*** Opening of Data excerpt ***

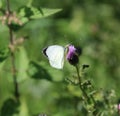 Small White butterfly Royalty Free Stock Photo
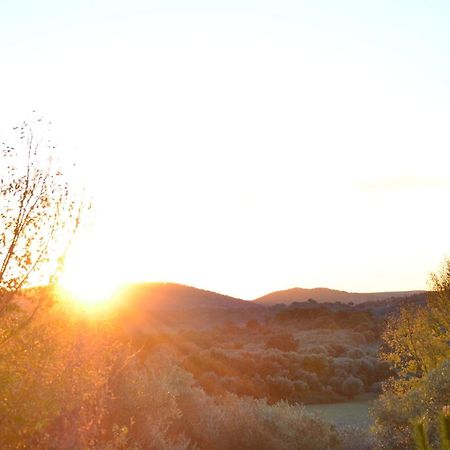 Casa Rural El Vihuelo El Bosque Eksteriør billede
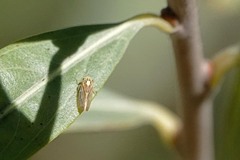 Caladonus coquilletti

*** Close of Data excerpt ***

Print each line of the listing exactly and include no pictures.

■ Output:
 Small White butterfly Royalty Free Stock Photo
 Casa Rural El Vihuelo El Bosque Eksteriør billede
 Caladonus coquilletti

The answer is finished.